The 24th annual Carret Contest winners announced

Caroline DiFrango '23 won first place in the 2023 Philip L. Carret Thomas Jefferson Essay Contest. Foster Davis '23 placed second, Claire E. Lancaster '23 and Delaney Guidi '25 tied for third.

Caroline DiFrango ’23, Foster Davis ’23, Claire E. Lancaster ’23 and Delaney Guidi ’25 were selected as the winners of the 2023 Philip L. Carret Thomas Jefferson Essay Contest.

DiFrango, the first prize winner, received the $1,000 prize and an all-expenses-paid trip to Thomas Jefferson’s home at Monticello, in Charlottesville, Virginia, for her essay titled “Down Monument Ave.” Davis received second place and received $500. Lancaster and Guidi tied for third, and they both received $100.

On Nov. 23, 2021, a 7-foot bronze statue of Thomas Jefferson was removed from the New York City Hall where it had stood for 106 years. Because of Jefferson’s history as a slaveholder, officials unanimously voted to move the statue to the New York City Historical Society, where it will be on loan for 10 years. The original cast of the statue still stands in Washington D.C.’s Capitol Rotunda.
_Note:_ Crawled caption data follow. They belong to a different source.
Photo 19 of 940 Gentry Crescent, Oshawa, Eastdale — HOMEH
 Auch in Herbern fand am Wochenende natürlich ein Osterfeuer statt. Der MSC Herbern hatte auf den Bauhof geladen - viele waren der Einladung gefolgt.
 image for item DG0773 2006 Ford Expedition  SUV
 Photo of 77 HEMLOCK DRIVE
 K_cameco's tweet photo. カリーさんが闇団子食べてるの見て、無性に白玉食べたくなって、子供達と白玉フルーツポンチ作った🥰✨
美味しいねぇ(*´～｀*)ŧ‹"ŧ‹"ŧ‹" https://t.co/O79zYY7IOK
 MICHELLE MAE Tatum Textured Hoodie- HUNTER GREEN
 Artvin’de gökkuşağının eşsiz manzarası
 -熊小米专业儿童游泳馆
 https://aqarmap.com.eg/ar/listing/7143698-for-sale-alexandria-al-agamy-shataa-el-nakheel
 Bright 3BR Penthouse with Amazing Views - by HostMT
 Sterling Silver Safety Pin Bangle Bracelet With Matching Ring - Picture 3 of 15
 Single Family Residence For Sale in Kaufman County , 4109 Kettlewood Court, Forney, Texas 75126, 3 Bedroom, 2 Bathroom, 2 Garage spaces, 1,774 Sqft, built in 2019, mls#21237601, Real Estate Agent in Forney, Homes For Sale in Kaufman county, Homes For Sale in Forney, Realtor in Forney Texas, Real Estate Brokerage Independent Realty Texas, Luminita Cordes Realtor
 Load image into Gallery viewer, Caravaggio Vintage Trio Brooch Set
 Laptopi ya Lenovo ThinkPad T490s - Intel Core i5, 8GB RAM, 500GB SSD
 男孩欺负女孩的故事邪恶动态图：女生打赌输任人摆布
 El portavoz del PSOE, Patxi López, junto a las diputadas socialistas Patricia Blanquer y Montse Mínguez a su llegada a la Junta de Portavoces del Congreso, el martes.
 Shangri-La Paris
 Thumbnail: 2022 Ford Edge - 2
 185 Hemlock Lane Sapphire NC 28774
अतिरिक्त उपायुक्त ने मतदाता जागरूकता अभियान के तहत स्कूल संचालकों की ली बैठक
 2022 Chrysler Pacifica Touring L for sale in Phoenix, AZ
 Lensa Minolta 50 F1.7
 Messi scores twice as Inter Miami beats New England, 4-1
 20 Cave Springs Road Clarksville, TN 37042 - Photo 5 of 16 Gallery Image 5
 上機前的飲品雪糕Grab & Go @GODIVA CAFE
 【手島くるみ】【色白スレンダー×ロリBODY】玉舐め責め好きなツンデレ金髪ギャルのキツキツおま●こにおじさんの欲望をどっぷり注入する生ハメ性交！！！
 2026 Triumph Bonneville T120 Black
No statue of Jefferson stands on Elon’s campus. However, 25 years ago Phillip Carret, a New York investor and admirer of both Elon University and Thomas Jefferson, generously endowed Elon’s Carret Essay Contest with its focus on Jefferson. When creating the endowment in 1997, Carret mandated that the contest must include “the ideals and principles embodied in Thomas Jefferson’s life and career.”

This year students were given the following information before being invited to respond to the following prompt:

“Much as the Jefferson statue has been recontextualized from a seat of government to a site of historical commemoration, recent Carret contests have attempted to reconceptualize Jefferson’s legacy within the bounds of the endowment’s requirements. Is recontextualization sufficient in challenging harmful historical legacies, and what is the value and/or potential harm in continuing to focus attention on Jefferson?”


The four winners will present their essays on Student Undergraduate Research Forum (SURF) Day on Tuesday, April 25 at 10 a.m. in the Koenigsberger Learning Center, 127. A question-and-answer session will follow.